Reproduce each line of the following material exactly, omitting the images.

____

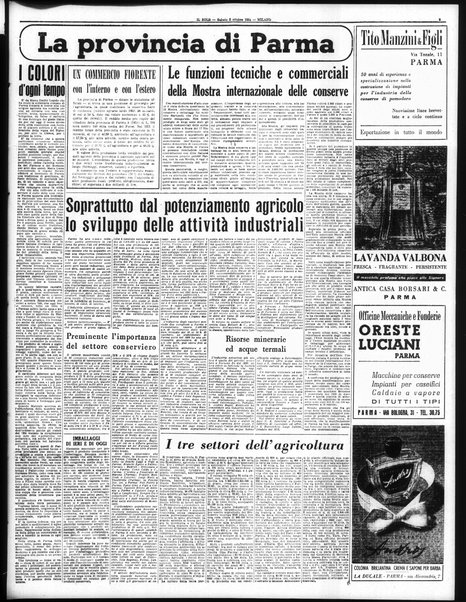 Il sole : giornale commerciale, agricolo, industriale... : organo ufficiale della Camera di commercio e industria di Milano ...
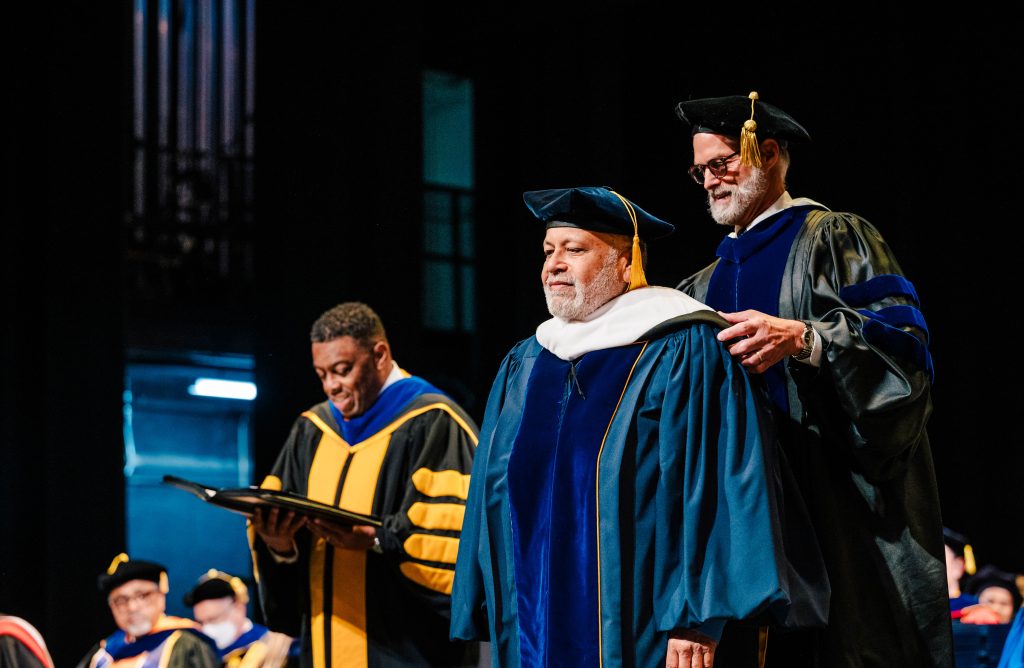 Maestro Curry receives UNCG honorary degree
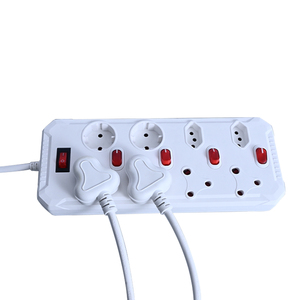 South Africa Standards OEM ODM 1 Switches 8 Outlets <strong>Extension</strong> <strong>Socket</strong> Multi Plug <strong>Extension</strong> Cord Power <strong>Socket</strong> - Product Image 2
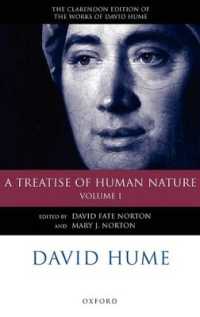 クラレンドン版ヒューム『人性論』第１巻：テクスト編<br>David Hume: a Treatise of Human Nature : Volume 1: Texts (Clarendon Hume Edition Series)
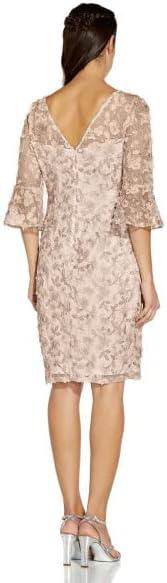imageAdrianna Papell Womens Metallic Embroidery SheathBlush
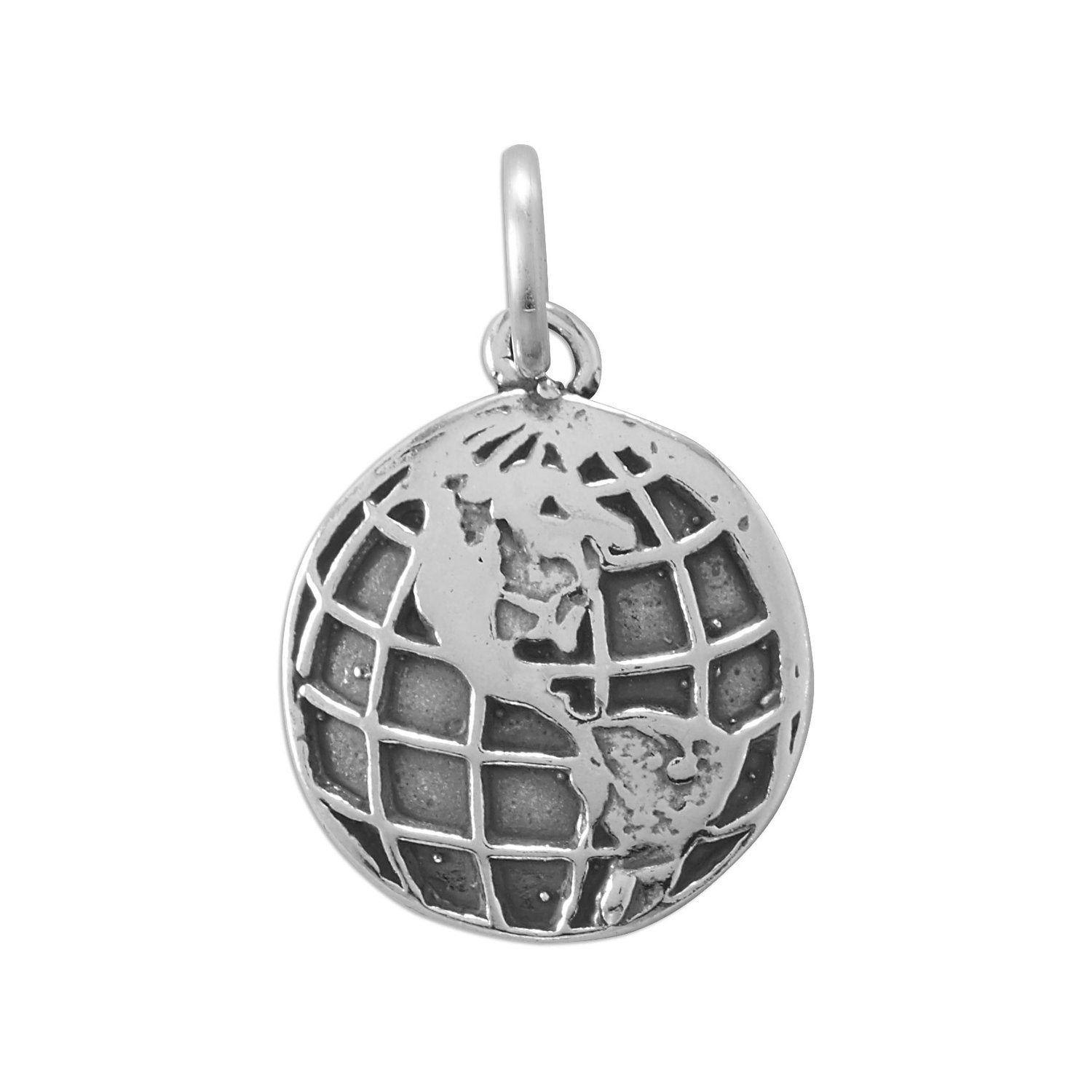 World Traveler! Globe Charm - Joyeria Lady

____

Result of the task.
 Il sole : giornale commerciale, agricolo, industriale... : organo ufficiale della Camera di commercio e industria di Milano ...
 Maestro Curry receives UNCG honorary degree
 South Africa Standards OEM ODM 1 Switches 8 Outlets <strong>Extension</strong> <strong>Socket</strong> Multi Plug <strong>Extension</strong> Cord Power <strong>Socket</strong> - Product Image 2
 クラレンドン版ヒューム『人性論』第１巻：テクスト編<br>David Hume: a Treatise of Human Nature : Volume 1: Texts (Clarendon Hume Edition Series)
imageAdrianna Papell Womens Metallic Embroidery SheathBlush
 World Traveler! Globe Charm - Joyeria Lady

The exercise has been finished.